Abro el libro de Pepe y como si jugara con vos (como lo hicimos aquella tarde en tu casa) cierro los ojos, señalo con un dedo, abro los ojos y leo: “JONDEAR. Se utiliza este término cuando queremos deshacernos de alguien que está fregando; ejemplo: ya te di lo que querías ahora andá a jondear gatos de la cola”. ¿Mirás qué término tan bonito? ¡Jondear! Claro, el ejemplo es cruel. Eso de andar jondeando gatos de la cola no es recomendable. Los gatos son bellos. Vos tenés tu “Dugu” (qué nombre tan bonito) y nosotros, en casa, tenemos al “Misha” (lo trajimos de Puebla y nos acompaña ya desde hace diez años). El Misha también se acostumbró a mirar al Popo. Los domingos en las mañanas (día en que estaba cerrado el negocio), se subía a la ventana del local y desde ahí miraba los pájaros que jugaban en los árboles sembrados en el camellón. Imagino que también, de vez en vez, le echaba una mirada al volcán. El gato es blanco. Tal vez pensaba que el Popo era como la continuación de su pelaje, como su hermano mayor. Un gato enorme que, en lugar de maullar, saca las uñas de lava.

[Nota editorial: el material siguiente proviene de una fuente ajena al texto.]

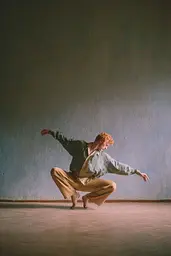 Midjourney generated image using SREF code Hushed Loomlight: A man in a striped shirt and tan pants is dancing.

Juego con vos: “TZILÍN. Voz onomatopéyica al chocar entre sí dos copas o vasos de vidrio”. ¡Ah, qué maravilla! Las onomatopeyas nacen del sonido natural. Así oímos el choque de dos vasos: Tzilín, por esto, cuando bebemos nuestro trago decimos: “¡Hagamos tzilín tzilín!”. Esto te parecerá una bobera pero no lo es. En México el canto del gallo lo oímos como “kikirikí”. ¿Sabés cómo lo oyen los franceses? “cocorocó”. Esto es sólo un ejemplo de la diversidad y de la urgente necesidad de preservar nuestras voces únicas y originales.
Dije que me da tiricia pensar que mi primo murió joven. La tiricia es como un listón de tristeza, de nostalgia por saber que en el vuelo muchos amigos han ido en caída libre. Una tarde, también Miguel Román se nos fue por el agujero y no pudimos tenderle la mano.

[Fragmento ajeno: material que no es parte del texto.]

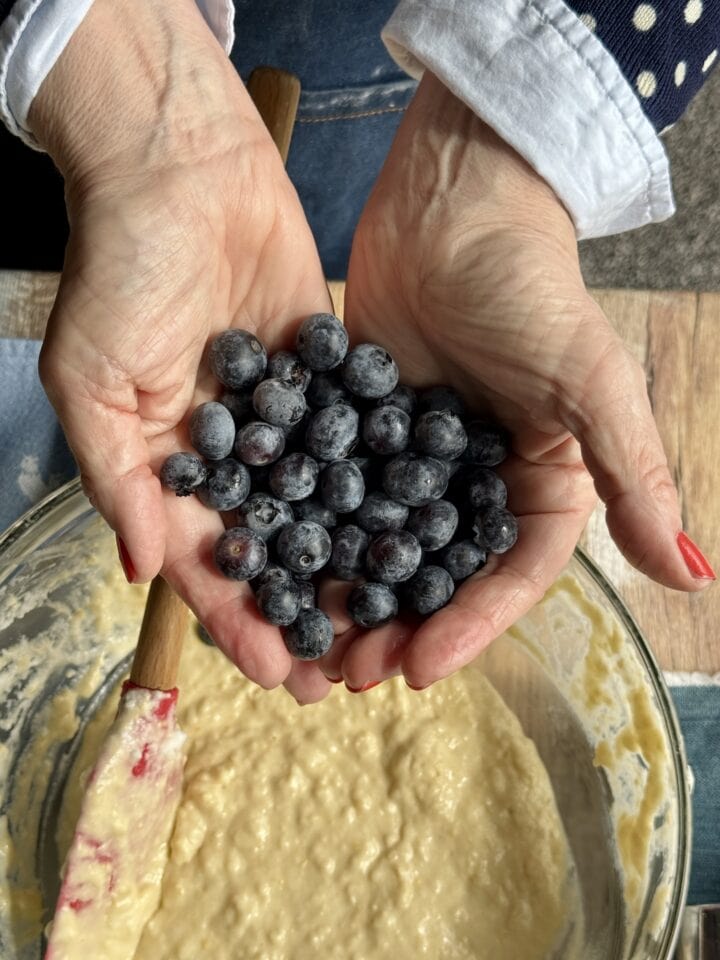 teri holding blueberries above the waffle batter in a glass bowl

Mientras tanto, nosotros, seguimos aventando el piolet en intento de llegar a la cumbre del Everest. Nos han dicho que el mayor prodigio de la vida es mirar el horizonte desde la montaña más alta de Nepal. Intentamos ubicar nuestro Tibet interior. Lo hacemos recordando a nuestros amigos, venerando a quienes aportaron su talento y su amor para hacer más digna esta tierra.

Pd. Nuestras palabras tienen sonidos y ritmos especiales. Sus sonidos están emparentados con las entradas de velas y flores, con los rezos, con los arguendes de los mercados y con los guateques. Acá tenemos maneras especiales de decir “Te amo”. Y digo que nuestro lenguaje está enredado en la manta de los tojolabales y en el dril de los cashlanes, porque cuando oímos el tren de la vida salimos a la puerta de la calle o nos paramos en el balcón y miramos a los grupos de fieles con sus banderas, con sus farolitos, con sus flores, con sus santos que llevan en andas y oímos el sonido del tambor y pito y sabemos que ese sonsonete nos va diciendo: “Te lo tenté, te lo tenté, tenía pelitos y me espanté”.

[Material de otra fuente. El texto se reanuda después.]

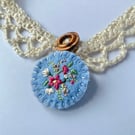 Crochet lace collar with blue embroidered wool felt pendant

Mi niña bonita, los adultos quisiéramos que ustedes, los jóvenes, pepenaran estos diamantes. Así como nuestras montañas tienen sus nombres propios originales, de igual modo todos nuestros rasgos culturales están bordados con un hilo único. Comitán es un pueblo bendito porque está resguardado por Junchavín, “el guardián número uno”.